# Visualisation and analysis of the results from the DESI-MS linear mixed models

### Import required packages

In [1]:
import pandas as pds
import matplotlib.pyplot as plt
import seaborn as sns
import numpy as np
from matplotlib.colors import ListedColormap

## Read the raw DESI-MS data

### VMET2 Cohort

In [2]:
desi_pos_vmet2 = pds.read_csv('../../Data/VMET2_DESI-MS_POS.csv')
desi_neg_vmet2 = pds.read_csv('../../Data/VMET2_DESI-MS_NEG.csv')

vmet2_metadata = pds.read_csv('../../Data/VMET2_CSTAssignment.csv')

desi_pos_vmet2 = vmet2_metadata.merge(desi_pos_vmet2, on='Seq_ID')
desi_neg_vmet2 = vmet2_metadata.merge(desi_neg_vmet2, on='Seq_ID')

### VMET Cohort

In [3]:
desi_pos_vmet = pds.read_csv('../../Data/VMET_DESI-MS_NEG.csv')
desi_neg_vmet = pds.read_csv('../../Data/VMET_DESI-MS_NEG.csv')

vmet_metadata = pds.read_csv('../../Data/VMET_CSTAssignment.csv')

desi_pos_vmet = vmet_metadata.merge(desi_pos_vmet, left_on='Seq_ID', right_on='Seq_ID')
desi_neg_vmet = vmet_metadata.merge(desi_neg_vmet, left_on='Seq_ID', right_on='Seq_ID')

## Replication of results across the VMET2 and VMET studies

Find matching peaks (peaks within a certain m/z error from each other) from the VMET and VMET2 datasets which were found to be statistically significant in the linear mixed model analysis of both datasets.

In [4]:
# Define these 2 utility functions to do the matching and comparison of output files from the
# "Linear mixed effect models DESI-MS.Rmd" notebook.

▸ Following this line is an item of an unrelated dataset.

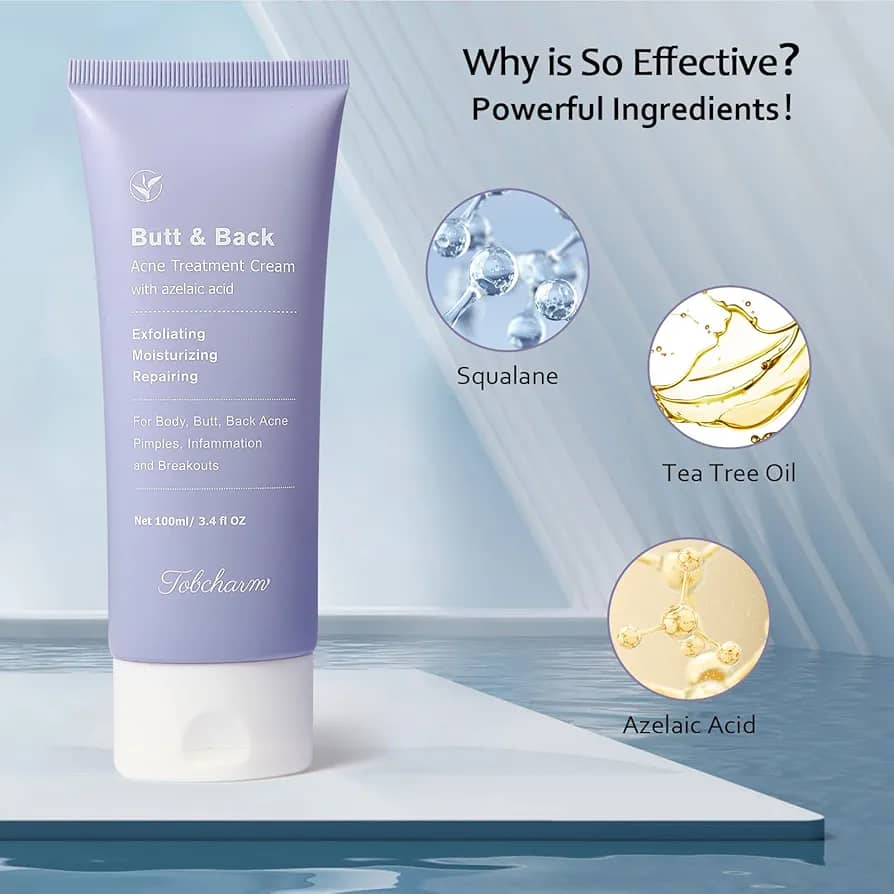 Crème Anti - Acné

def checkResults(file1, file2, excelFile, datasetNames, sigLevel=0.05, tolerance=5):
    
    file1_res = pds.read_csv(file1)
    file2_res = pds.read_csv(file2)
    
    contrasts_file1_names = file1_res.columns
    contrasts_file2_names = file2_res.columns
    
    contrast_names = contrasts_file1_names[contrasts_file1_names.isin(contrasts_file2_names)]
    contrast_names = [x for x in contrast_names if '_pval' in x]
    match_list = list()
    file1_only_list = list()
    file2_only_list = list()
    
    with pds.ExcelWriter(excelFile) as writer:
        
        for contrast in contrast_names:
            
            file1_sig_names = file1_res.loc[file1_res[contrast] < sigLevel, 'Metabolite']
            file2_sig_names = file2_res.loc[file2_res[contrast] < sigLevel, 'Metabolite']
            
            matches = matchPeaks(file1_sig_names, file2_sig_names, datasetNames, tolerance)
            matches.to_excel(writer, sheet_name=contrast + 'Shared')
            match_list.append([contrast, matches])
            file1_only = pds.DataFrame(file1_sig_names[~file1_sig_names.isin(matches[datasetNames[0] + '_Metabolite'])])
            file2_only = pds.DataFrame(file2_sig_names[~file2_sig_names.isin(matches[datasetNames[1] + '_Metabolite'])])
            file1_only_list.append([contrast, file1_only])
            file2_only_list.append([contrast, file2_only])
            file1_only.to_excel(writer, sheet_name=contrast + ' ' + datasetNames[0])
            file2_only.to_excel(writer, sheet_name=contrast + ' ' + datasetNames[1])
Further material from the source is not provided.